RethinkDB automatically partitions the database into independent slices, which allows for efficient use of multiple disks and multicore CPUs. The number of slices can be specified explicitly during database creation time as follows:

$ rethinkdb create --slices 256 -f file.db

Garbage collector

RethinkDB ships with a concurrent, incremental on-disk garbage collector. Because the server uses a log-structured approach to storage, the database file can fill with unused blocks that need to be garbage collected. The garbage collector kicks in when there are too many unused blocks in a file, and turns off when the number of unused blocks reaches an acceptable level.

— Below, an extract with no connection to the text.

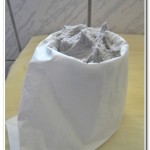 Como encher um saco de confeitar sem sujar tudo (8)
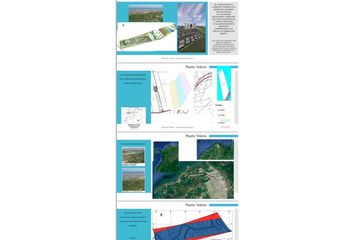 Lote de Terreno en  Tubará, Atlántico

The window for garbage collector operation can be specified explicitly on startup as follows:

$ rethinkdb --gc-range 0.6-0.8

The above argument configures the garbage collector to kick in when 80% of the file contains unused blocks, and to stop collecting when less than 60% of the file contains unused blocks.

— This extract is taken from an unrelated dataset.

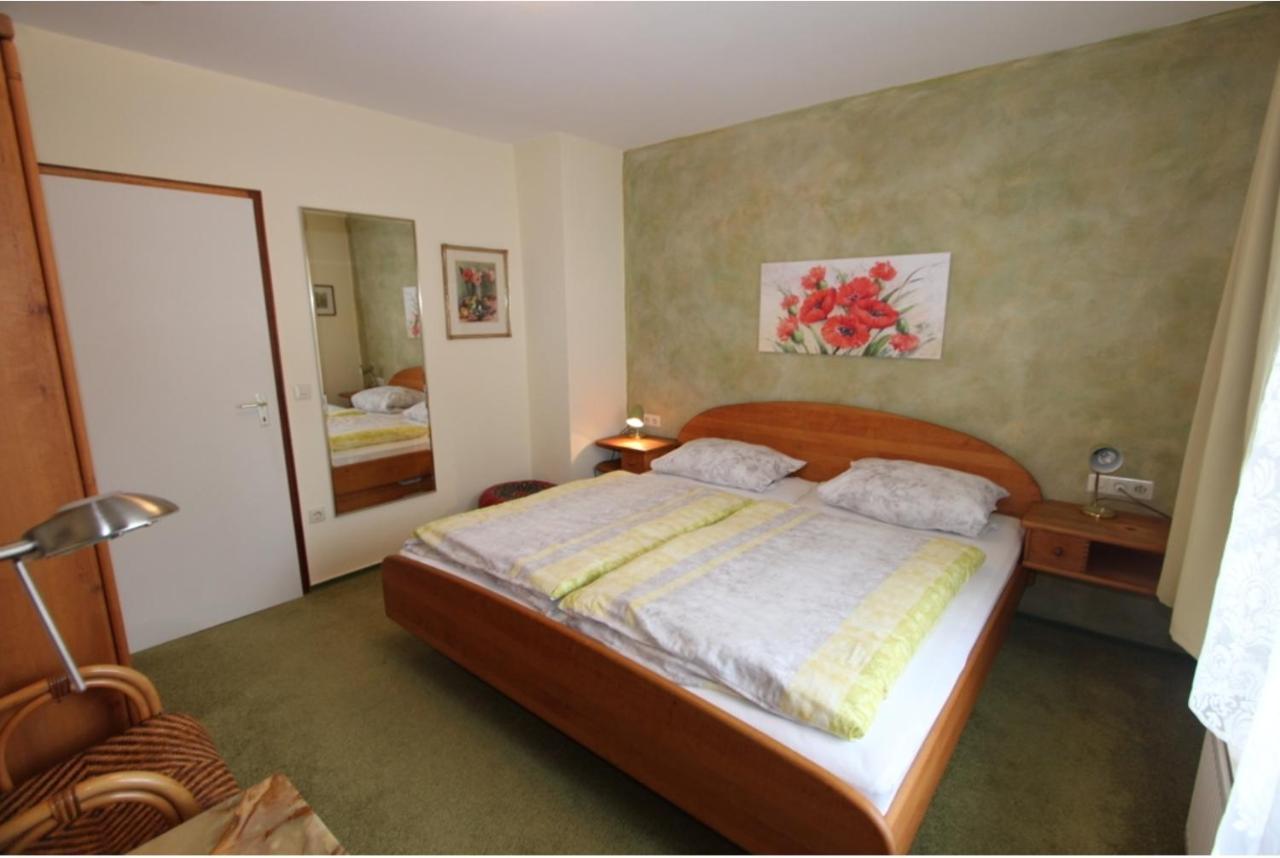 Apartment Friedrich *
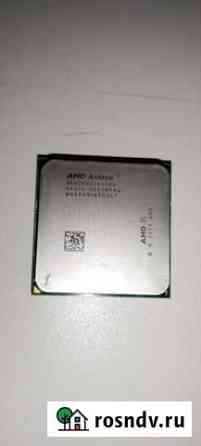 Процессор Amd athlon Томск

An aggressive garbage collection setting will keep a larger proportion of the disk available for live data, but may decrease performance of the system because of higher load on the disk.

Consistency checks

RethinkDB allows verifying that a given database is consistent and has not been corrupted. The corruption checks can be invoked as follows:

$ rethinkdb fsck -f file.db

If the database file is corrupted, the command above will report an error explaining the source of corruption.

Advanced data recovery

The recovery tool described in the data migration and recovery section exposes options to recover data in situations where the tool cannot be run automatically because of substantial metadata corruption. In such cases, block size, extent size, and slice numbers can be specified explicitly to allow the tool to proceed:

$ rethinkdb extract -f file.db --force-block-size 4096      \
                               --force-extent-size 1048576  \
                               --force-slice-count 256

Troubleshooting

“Too many open files” problem

RethinkDB can consume a large number of open file handles, for example when the number of socket connections is high. If you get a “Too many open files” error, that means that the operating system limit on the number of open file handles has been reached.

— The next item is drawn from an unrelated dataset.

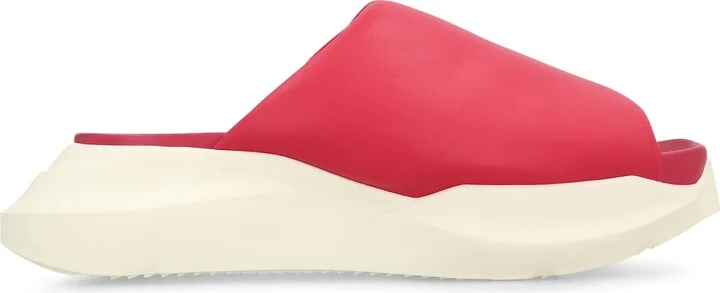 Geth Leather Slides - Image 2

On most distributions of Linux you can find out the total limit for open file handles in the system using sysctl:

$ sysctl fs.file-max
fs.file-max = 764412

You can set this by running the following command under a root account or a user account with sufficient privileges:

$ sysctl fs.file-max=1592260
fs.file-max = 1592260

You can also change the per-process limit temporarily (in the current shell session), by using the ulimit command:

$ ulimit -n 2048

Set the limit to an appropriate number (2048 in the example), that is higher than the number of simultaneous connections to RethinkDB that you plan to have.

It is also possible to set per-user open file handles limits by editing /etc/security/limits.conf and setting the soft and hard limit values for nofile for the user or group which you use to run the RethinkDB under:

rethinkdb soft nofile 2048
rethinkdb hard nofile 8192

Support

Please report all issues to support@rethinkdb.com. When reporting an issue, please try to include the following pieces of information:

  • A description of the environment you’re running in (operating system, kernel version, hardware, etc).
  • A description of the problem, how it came about, and how it can be reproduced.
  • The RethinkDB log file. By default, log messages are written to standard output. In a production environment you may want to point them to a file on disk for easy collection using --log-file argument.
  • If the problem involves a crash, please include the core dump file associated with the error. Core dumps are usually named core and are placed into the directory where the server was run. If you do not see a core dump file, you may need to enable core dumps by running the ulimit -c unlimited command.